Never trust a dame, beware the broad - they'll turn on you when the
chips are down, twist the knife when it's well and truly sunk in your
back - least according to the pulps and I use the term, pulp in its
broadest sense to include the cheap, slim paperbacks that filled the
shops for years, published by the likes of Dell, Gold Medal, Ace and
Lancer. In the true sense they were not pulps but they most certainly
carried the pulp spirit.
A femme fatale tries to achieve her
hidden purpose by using feminine wiles such as beauty, charm, and sexual
allure. The phrase translated from the French means deadly woman.
"She
looked playful and eager, but not quite sure of herself, like a new
kitten in a house where they don't care much about kittens." Raymond
Chandler
In the pulps women always had a hidden agenda - at first they would appear weak and in need of protection but as the story unfolds they would inevitably show their true colours. The kitten would display her claws. The women of the pulp were built strictly for titillation - they were not the type of girls you'd feel comfortable bringing home to meet your mum, least not if you wanted to hang on to your inheritance.

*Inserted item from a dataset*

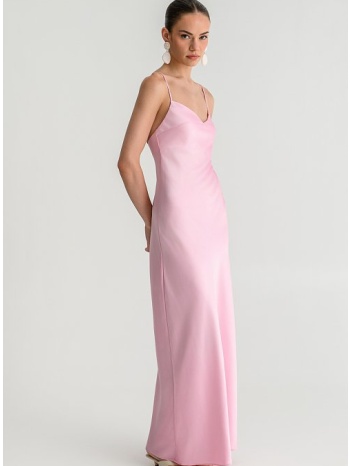 maxi φόρεμα με σατινέ υφή και τιράντες (pink)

"A really good detective never gets married. " Raymond Chandler
"She gave me a smile I could feel in my hip pocket. " Raymond Chandler
"Friendships, like marriages, are dependent on avoiding the unforgivable. " John D. McDonald
Women
in the pulps would often appear sweet and innocent but as the reader
learned more she would transform from damsel in distress to a
psychopath, always willing to use her nubile pink body (nubile pink
body, or variation of such, seems to be a description favoured by pulp
writers) to get what she wanted. To the pulp babe the body was as much a
weapon as the snub nosed revolver she kept hidden in her purse. Or, for that matter, the sticks of TNT disguised as a lipstick.
Female
protagonists were rare in the pulps but that's not to say they didn't
exist - Cornell Woolrich wrote a story called Angel Face which was about
a women on the vengeance trail that was published in Dime Detective in
1935 with its title changed to Murder in Wax. The story is collected in The Big Book of Pulps edited
by Otto Penzler which has an entire section devoted to the pulp babes.

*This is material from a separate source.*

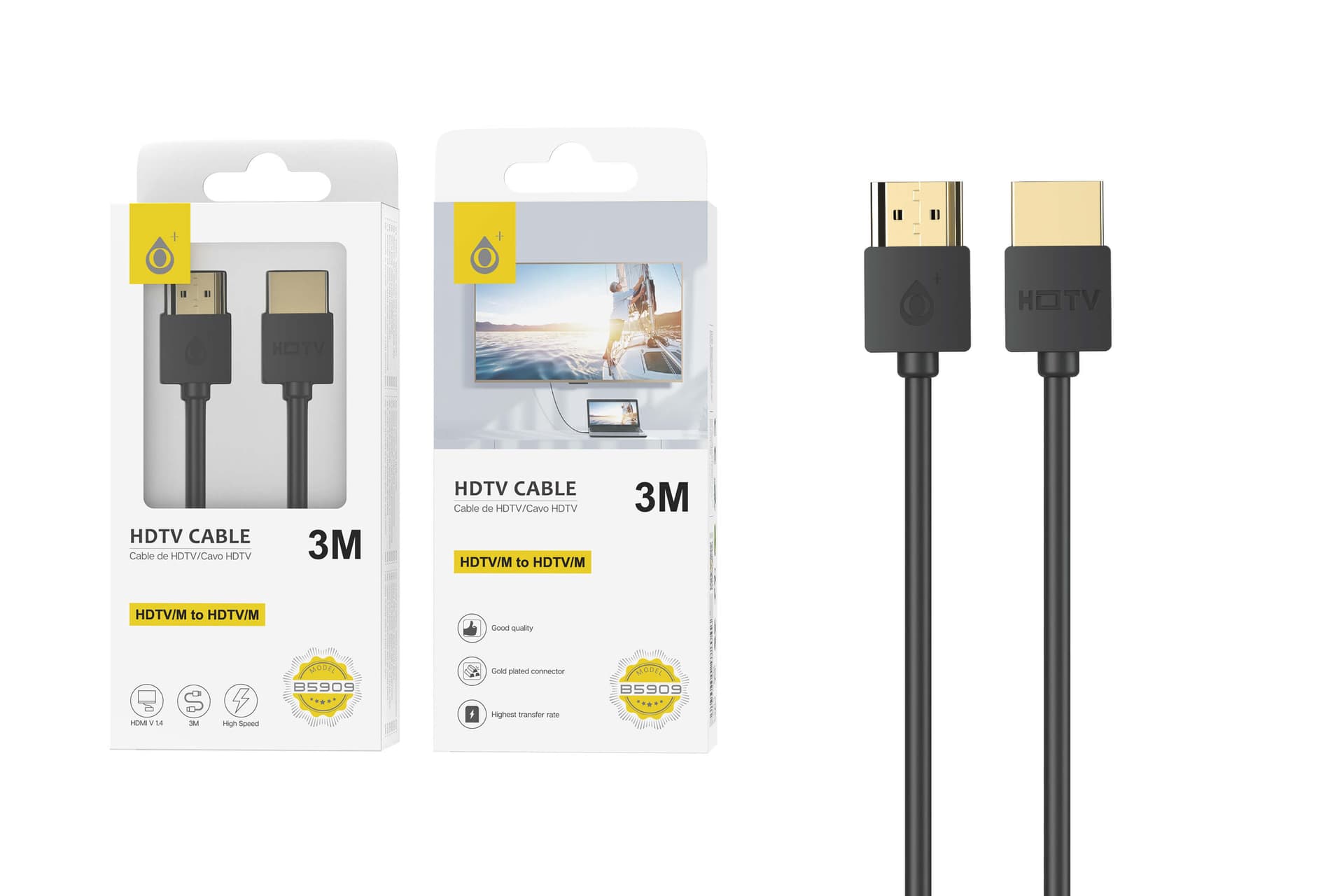 כבל HDMI 1.4 איכותי One Plus B5909 באורך 3 מטר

Here you will find stories by Raymond Chandler, Dashiel Hammett and a
host of less remembered luminaries of the pulp years.
Later as the cheap mass market paperbacks started to replace the pulps there were scores upon scores of exploitative fiction
hitting the shelves. These books, pornography really, took the
exploitation of women to a degree the original pulps would never have
dared.
Lesbian thrillers were hugely popular and numbered in
their hundreds. And if women weren't engaged in lesbian acts it was only
because they were otherwise busy killing, lying, stealing, drugging,
drinking or swinging . Much of this was due to the fact that almost
exclusively it was men writing for the pulps and the cheap mass market
paperbacks. Of course there were some women writers but these were few
and far between.
During the Sixties and Seventies, the height
of the sexual revolution, it was the age of crude exploitative
fictions. Where in the past it had been mystery and murder, with a
subtle hint of sex, that had driven the industry it was now very much
sex pushed to the forefront bringing everything else with it. And whilst
the covers of these books displayed more nudity than the early pulps
and paperbacks the artwork was very much in the same style. Some of the writing though was positively pornographic.
"One
moment I'd be drawing a dame with a gun in her hand and the next
project I'd do the same dame with her tits out.' Steve Bilkins, pulp
artist, told Pulp Collector in an interview in 1973.
This was a world away from the 1950's when the Hank Janson books were accused of obscenity.
Ironically
these lesbian thrillers, written one handed with young male readers
very much in mind, were popular with a large gay female readership.
Stephanie
Foote, from the University of Illinois commented on the importance of
lesbian pulp novels to the lesbian identity prior to feminism.
"Pulps
have been understood as signs of a secret history of readers, and they
have been valued because they have been read. The more they are read,
the more they are valued, and the more they are read,
the closer the relationship between the very act of circulation and
reading and the construction of a lesbian community becomes...Characters
use the reading of novels as a way to understand that they are not
alone."
These
days we've moved on both in society and in our reading and women in
fiction are much more rounded, real people than they were in the days of
the pulps and mass market paperback nasties.
Indeed in the
modern world many of the truly great writers are women and the
exploitative paperbacks are merely relics of less enlightened times. The
pulps live on though and authors like Raymond Chandler, Dashiell
Hammett, Paul M. Cain and Mickey Spillane are immortal and the concept
of the femme fatale they helped shape is very much a part of the modern
psyche. The Hard Case Crime series continues the long tradition of the femme fatale though and she's just as tough as ever.